A temperature anomaly is the difference between the observed temperature and a reference average
What do temperature anomalies suggest?
- Positive anomaly: Warmer than average.
- Negative anomaly: Cooler than average
How is the cryosphere changing?
What is sea level rise?
Sea level rise is the increase in the average height of the oceans surface relative to the land
Why is sea level rise happening?
- melting glaciers and ice sheets adding to the total volume
- Thermal expansion: as the ocean absorbs heat, water expands and takes up more space
- Oceans have absorbed >90% of excess heat since 1970s
What is the effect of climate change on weather?
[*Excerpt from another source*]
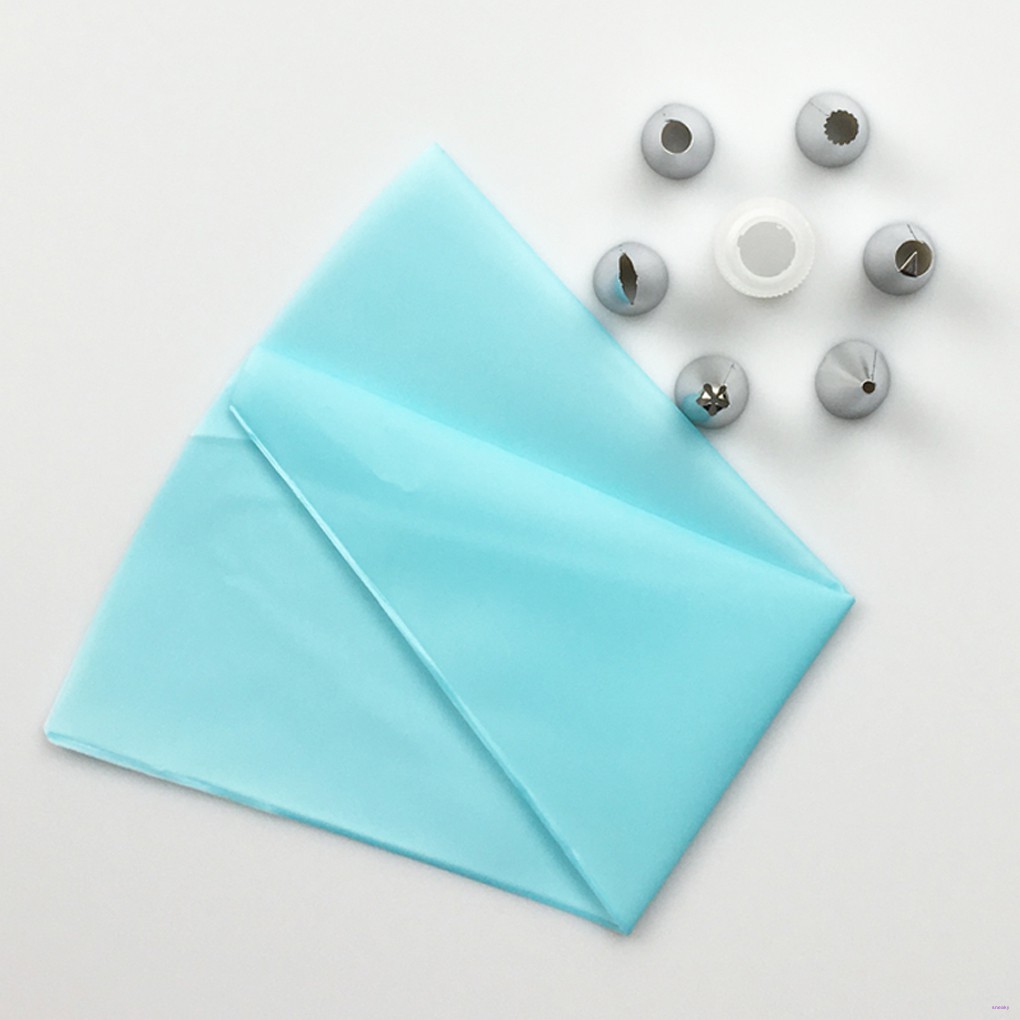 8 PCS/Set Cake Decorating Tips Set Icing Piping Cream Pastry Bag with 6 pcs Stainless Steel Nozzle Set DIY Cake Decorating Tools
-Increases frequency and intensity of extreme events
- More heat waves, intense rain, stronger hurricanes, erratic monsoons, and droughts
How does the effect of the sun (solar irradiance) compare to anthropogenic (human) activities?
- Solar irradiance ≈ constant (~1360 W/m²).
- Sunspot cycles cause only small (~0.2%) short-term fluctuations.
- Anthropogenic CO₂ → large radiative forcing and long-term warming.
- Human activity dominates modern climate change, not the Sun.
What are paleoclimate proxies?
Proxies = indirect indicators of past climate.
Know the different examples of proxy and what each proxy tells us.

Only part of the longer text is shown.